What is a semantic knowledge graph in plain terms?
It is a way of storing data as entities and the named relationships between them, rather than as isolated rows in tables. Instead of a customers table and an orders table joined by an opaque key, you have a Customer node connected to an Order by a PLACED relationship, and that Order connected to a Product by CONTAINS. On top sits an ontology, a formal definition of your entity and relationship types, which is where institutional meaning finally becomes machine-readable.
What is GraphRAG and how is it different from normal RAG?
Standard RAG embeds your documents into a vector database and retrieves the chunks most similar to the question. GraphRAG instead retrieves from a knowledge graph, pulling back a connected subgraph: the relevant entity, its neighbours, and the relationships between them. The difference matters most on multi-hop questions that require connecting several facts, where vector similarity returns related-sounding text but cannot traverse the actual connections.

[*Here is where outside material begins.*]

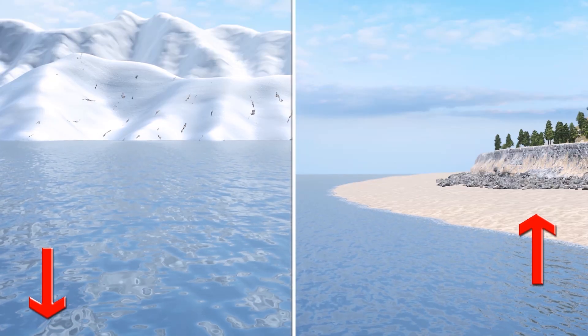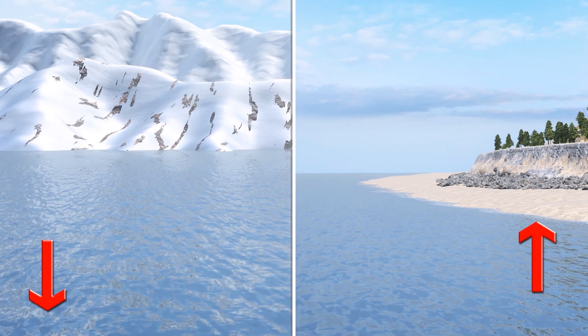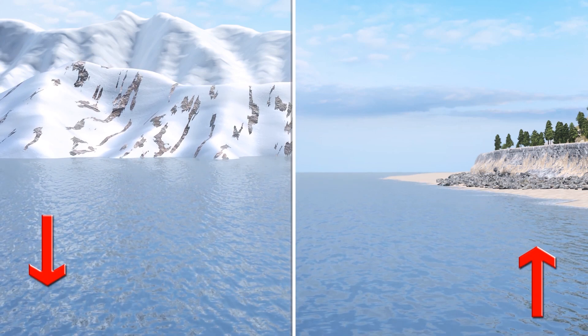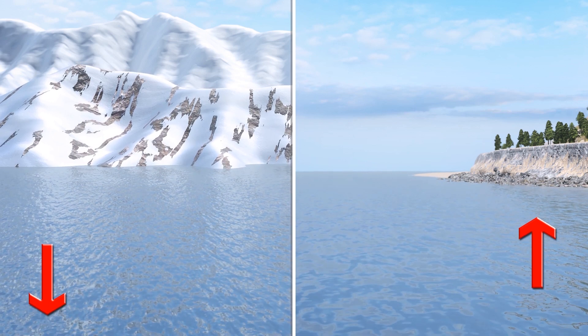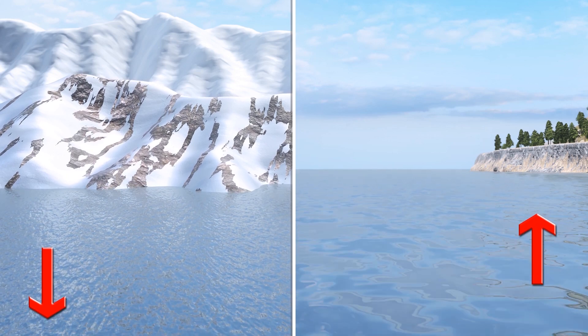This one ice sheet contains enough ice to raise global sea levels by six meters, or 20 feet, and it has been experiencing an increasing number of extreme melting events over the past 40 years. The new research is the first to use satellite data to detect Greenland ice sheet runoff.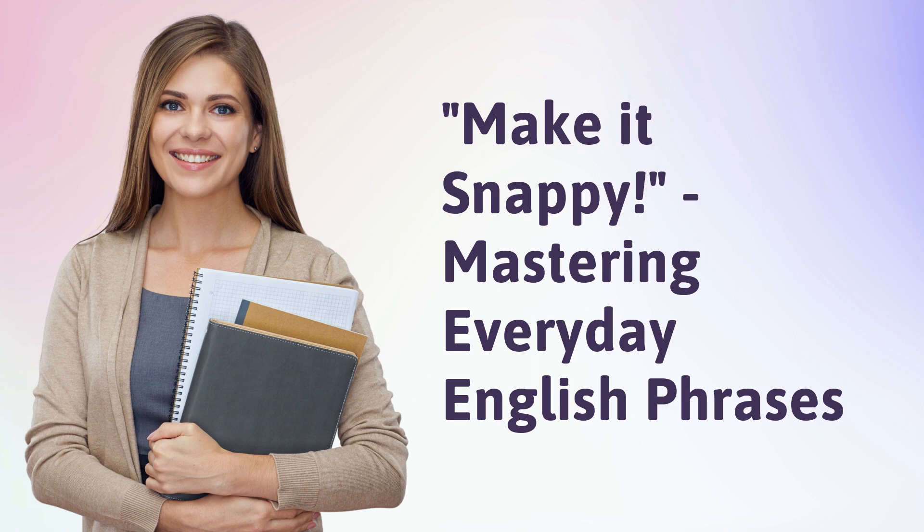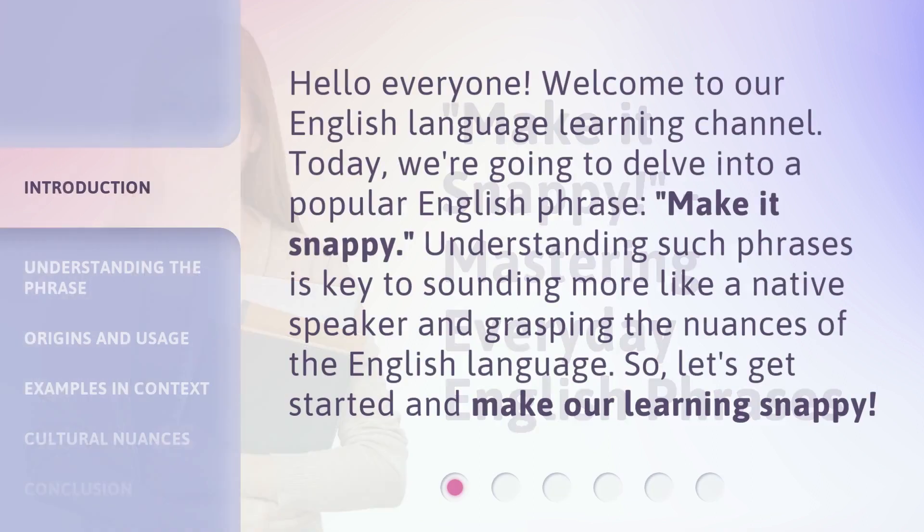Make it Snappy: Mastering Everyday English Phrases. Hello everyone, welcome to our English language learning channel. Today, we're going to delve into a popular English phrase, 'make it snappy.' Understanding such phrases is key to sounding more like a native speaker and grasping the nuances of the English language. So, let's get started and make our learning snappy.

Do I have to rip out and rebuild my database to go AI-native?
Usually not. The pragmatic path is the strangler fig pattern: you wrap your existing systems of record with a semantic graph layer that syncs from them and grows over time, rather than replacing them in one risky migration. The legacy databases keep running underneath as sources of truth while the graph layer takes on more of the meaning and querying. You rebuild the access and reasoning layer, not necessarily the storage.
Why does text-to-SQL work in a demo but fail in production?
Demos use clean, small, well-named schemas and simple single-table questions. Production estates have cryptic column names, multiple tables for the same concept, foreign keys nobody documented, and critical business logic buried in application code or stored procedures. The model cannot see that hidden meaning, so as soon as a question needs a real multi-table join it generates plausible SQL that returns the wrong result.
Is a knowledge graph the same as a vector database?
No, and they solve different problems. A vector database stores numerical embeddings and finds items by similarity, which is good for fuzzy text search. A knowledge graph stores explicit, typed relationships and is good for traversing connections and answering structured, multi-hop questions. Mature AI-native architectures often use both: vectors for similarity, the graph for meaning and connections, with GraphRAG combining them.
How long does it take to add a semantic layer to a legacy system?
A focused first use case, modelling the entities and relationships behind a handful of high-value questions and wiring GraphRAG over them, is typically a matter of weeks rather than months. The work is less about technology and more about making tribal knowledge explicit in the ontology. Because the strangler fig approach is incremental, you get value from the first use case and expand the graph one domain at a time rather than waiting for a multi-year rebuild.